Disclosure of Invention

The invention aims to provide a regular grid welding method, a device, a terminal and a storage medium based on multi-point teaching, aiming at solving the problems proposed in the background technology: in the prior art, a welding robot is used for welding mesh and grid workpieces, such as a 5 x 5 and 25 point mesh workpiece, at least 50 working point positions including transition points need to be taught, so that the programming speed is greatly reduced, and the production efficiency is influenced.

To achieve the above object, according to one aspect of the present disclosure, there is provided a regular grid welding method based on multi-point teaching, the method including:

defining a plurality of teaching point positions, and constructing a rectangular four-side space point position according to the plurality of teaching point positions;

according to the spatial point positions of the four sides, calculating internal point positions of the four sides according to the point positions corresponding to all sides;

defining a safety height, and obtaining the coordinate of the transition point in a tool coordinate system through the safety height according to a first preset mode;

the teaching point location, the four-side space point location and the internal point location are welding point locations, the welding point locations are the point locations needing welding, and the transition points are used for completing the transition action of the welding gun at each welding point location.

In a possible implementation manner, the first preset manner includes:

and taking the teaching point position, the quadrilateral space point position and the internal point position as corresponding points, and displacing the distance of the safety height from the corresponding point position along the vertical direction of the tool coordinate, thereby obtaining the position of the transition point in the tool coordinate system.
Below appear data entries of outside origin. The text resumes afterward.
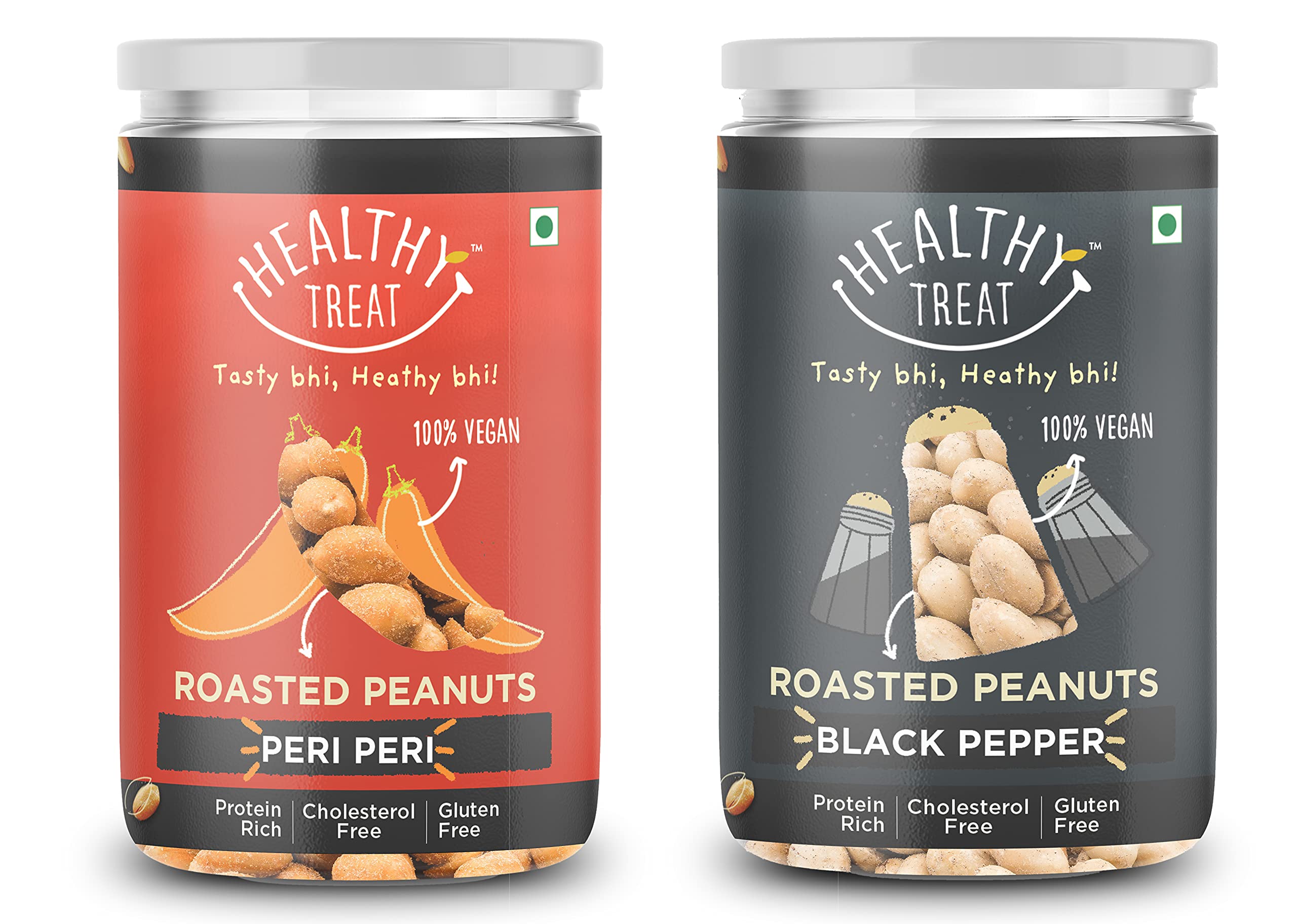 Healthy Treat Roasted Peanut Peri Peri and Black Pepper Combo 400 gm (Pack of 2-200 gm Each) | Preservative Free | Protein Rich (B09B7S51J4) Amazon Price History, Amazon Price Tracker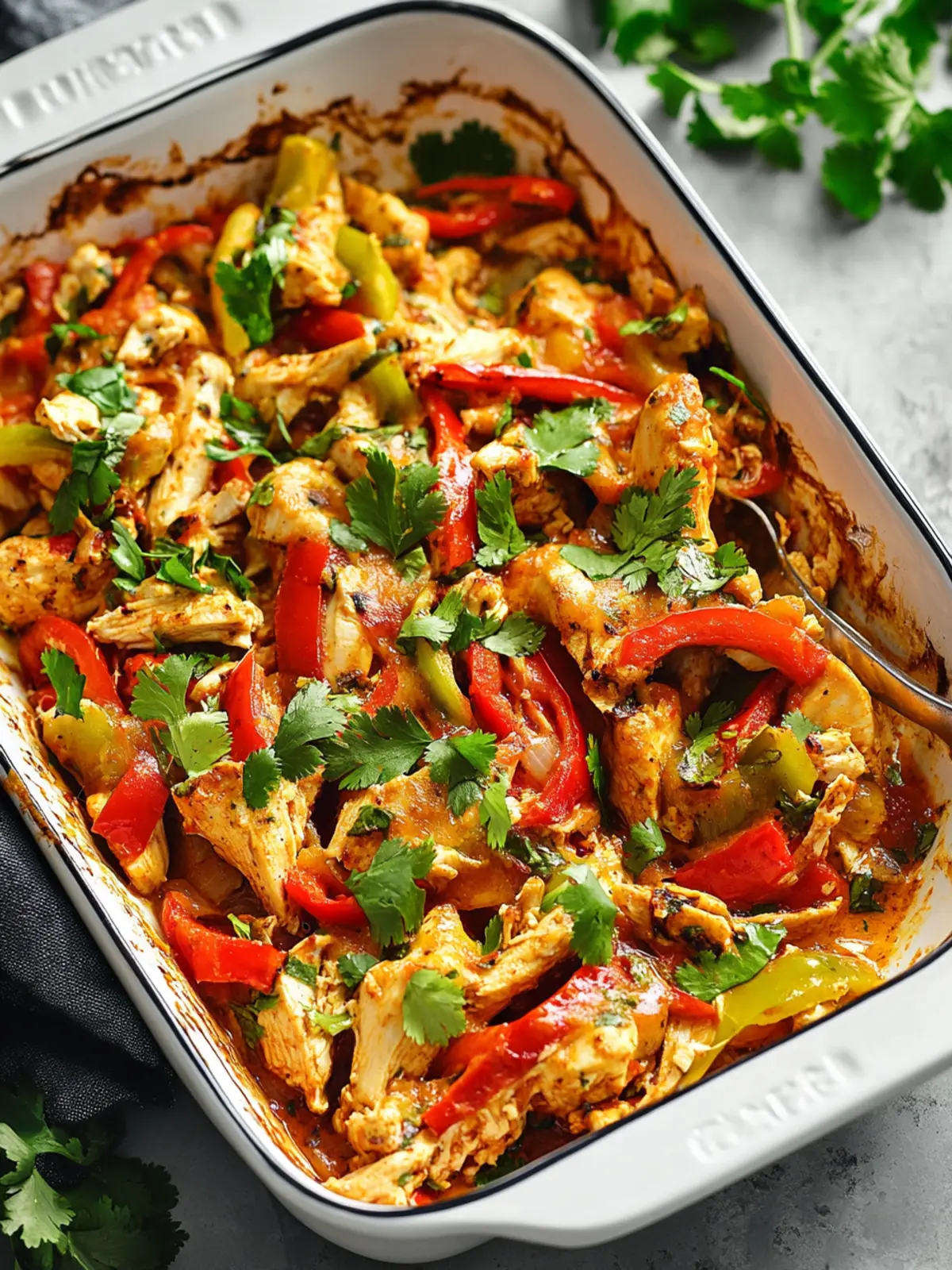 High protein Fajita Chicken Casserole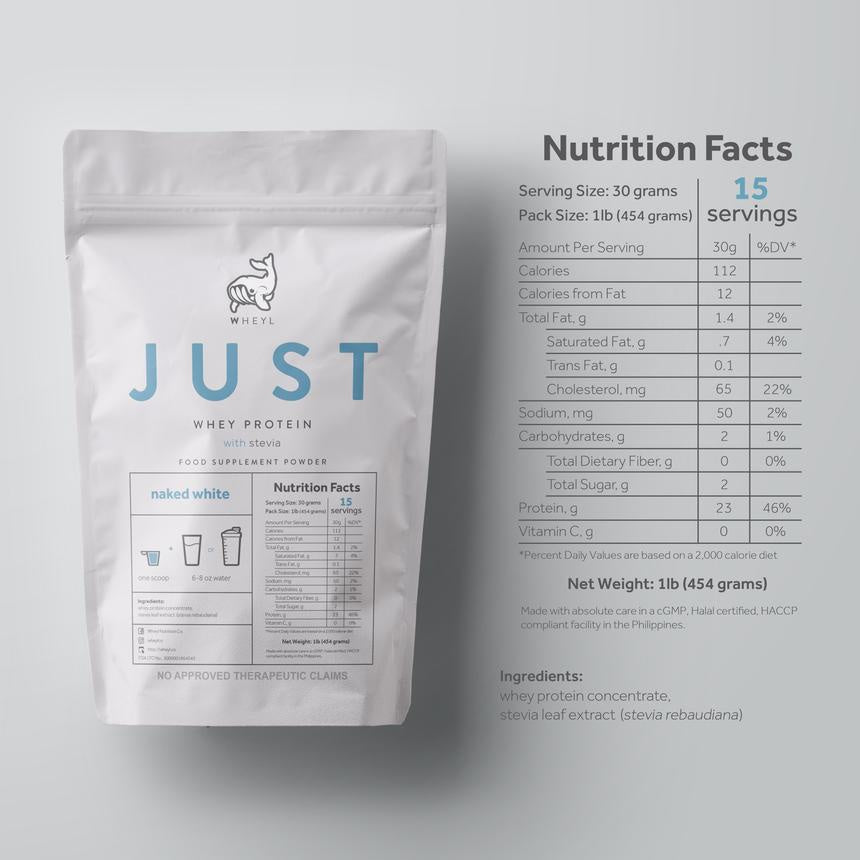 JUST WHEY PROTEIN 1LB - 15 Servings with Scooper and Stickers [by WHEYL NUTRITION]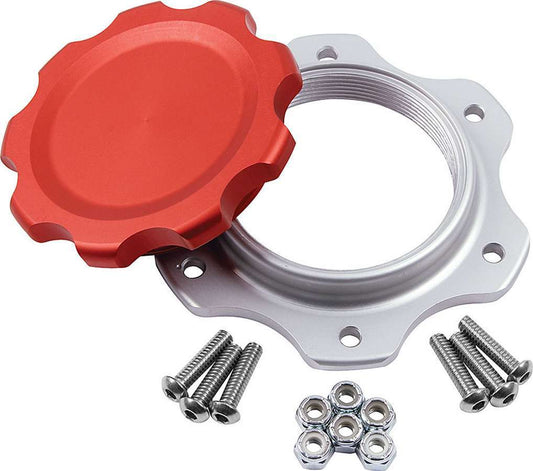 Fuel Filler Cap Assembly - Screw-In - Vented - Raised Cell Mount - Aluminum - Red Anodized - 6-Bolt JAZ Fuel Cells - Kit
In a possible implementation manner, the defining a safety height by which the coordinates of the transition point in the tool coordinate system are obtained according to a first preset manner further includes:

obtaining the position of the transition point in the base coordinate system through a first algorithm according to the coordinate of the transition point in the coordinate system and the tool coordinate;

the known tool coordinates are:

the coordinates of the transition point in the tool coordinate system are:

the first algorithm is as follows: point (Point)_base＝Trans_toolPoint_tool (1)

Wherein Point_baseRepresenting Point_toolThe representation of this point in the base coordinate system, i.e. the position of the transition point in the base coordinate system, h denotes the safety height, r₁₁、r₁₂、r₁₃、r₂₁、r₂₂、r₂₃、r₃₁、r₃₂ and r₃₃Representing the corresponding position element, tool, of the rotation matrix_x,tool_y,tool_zRepresenting the tool coordinates 3 coordinate axis translation components.

In a possible implementation manner, the defining a plurality of teach point locations specifically includes:

when two teaching point positions are defined, firstly, the two teaching point positions are regarded as two vertexes on the diagonal line of the rectangle, and then the other two vertexes of the rectangle are constructed, so that four teaching point positions are formed.

In a possible implementation manner, the defining a plurality of teach point locations specifically includes:

and when the number of the defined teaching point positions is more than four, fitting the space plane by adopting a least square method, and then reconstructing the four teaching point positions.

In a possible implementation manner, when the welding gun passes through all welding points and transition points, the transition motion track is a portal motion track formed by straight lines.

In a possible implementation manner, when the welding gun passes through all welding points and transition points, the transition motion track moves in an arc track formed by two adjacent transition points and a middle point formed by the two adjacent transition points.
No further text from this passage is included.